Alla fine, Thomas Neuwirth, infranta la assai tenue resistenza di Ilse DeLange e Willem “Waylon” Bijkerk ovvero i “Common Linnets”, un gruppo olandese dalle atmosfere folk, e della loro ballatina “Calm after the storm” che solo qualche decina di migliaia di malevoli ha accusato di somigliare troppo “Every breath you take”, si è involato verso una facile vittoria: a ogni buon punteggio ricevuto, la telecamera indugiava sulle tremolanti ciglia finte, inumidite di pianto, di Thomas e sull’entusiasmo del variopinto pubblico solidale, in un crescendo di emozione artefatta di cui tutti conoscevano il finale.
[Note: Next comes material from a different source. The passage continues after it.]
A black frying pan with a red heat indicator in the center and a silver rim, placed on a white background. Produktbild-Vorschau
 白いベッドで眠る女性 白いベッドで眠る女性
Finale che è arrivato puntuale e scontato per tutti. Il brevissimo discorso della vittoria è stato così sillabato dal vincitore, alzando la coppa al cielo : “Questa notte è dedicata a chiunque creda in un futuro di pace e libertà. Voi sapete chi siete. Noi siamo uniti e nessuno ci potrà fermare”. Ne prendiamo atto con serena compostezza fondata sulla Verità cattolica e sulle leggi di natura, gentile Thomas, così come prendiamo atto di alcune parole della sua canzone: “Waking in the rubble, walking over glass, Neighbors say we’re trouble, well that time has passed”. Ebbene quel tempo sembra passato ed ora, in questi anni di sessualità liquida e liquefatta, tutto appare affidato all’arbitrio della volontà dei singoli, alla tirannide del sentimentalismo e delle passioni più sfrenate (e più ignobili) ma confidiamo non possa durare tanto a lungo una tale sbornia irrealistica, confidiamo che la mostruosità e l’abominio non possa permanere legge tanto a lungo e che non possano trovare cittadinanza in alcun luogo. Perlomeno preghiamo e operiamo perché questo non avvenga.
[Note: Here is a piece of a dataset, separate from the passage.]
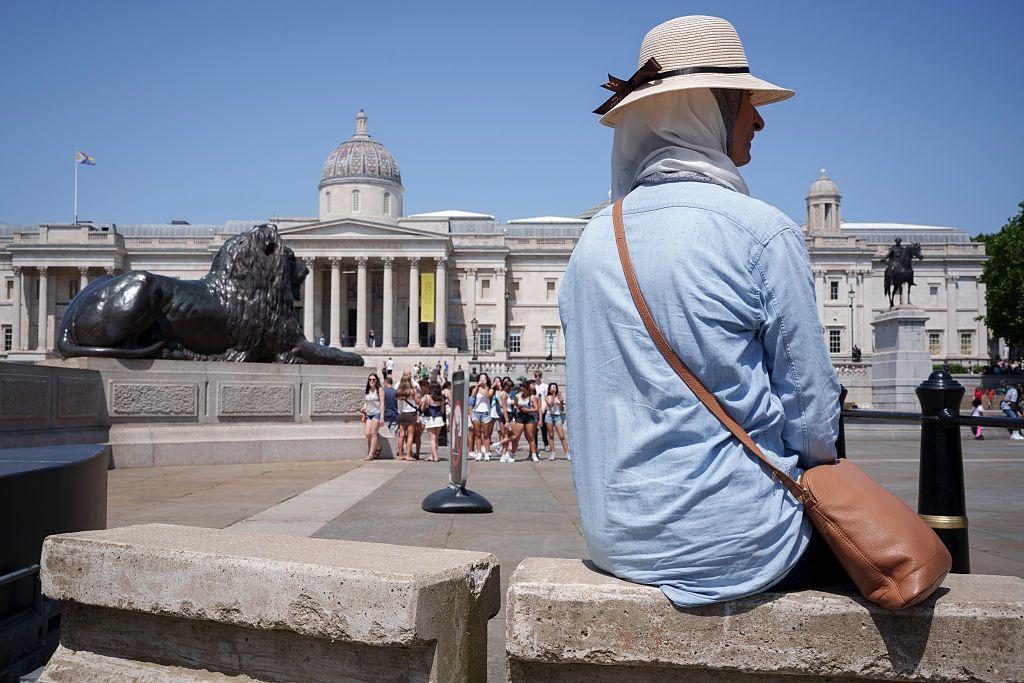 Mujer con camisa delgada y holgada de manga larga, protegida con un pa&ntilde;uelo y un sombrero, est&aacute; sentada frente a la Galer&iacute;a Nacional de Londres.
Ma Lei, gentile Thomas, ci tiene anche nella sua canzone a significarci qualcosa di ulteriore: “Rise like a Phoenix, Out of the ashes, Seeking rather than vengeance, Retribution. You were warned”
Questa Fenice, riemersa dalle proprie ceneri, cerca quindi più che vendetta, giustizia: ne siamo avvisati. Ebbene, ci guarderemo le spalle e terremo gli occhi ben aperti.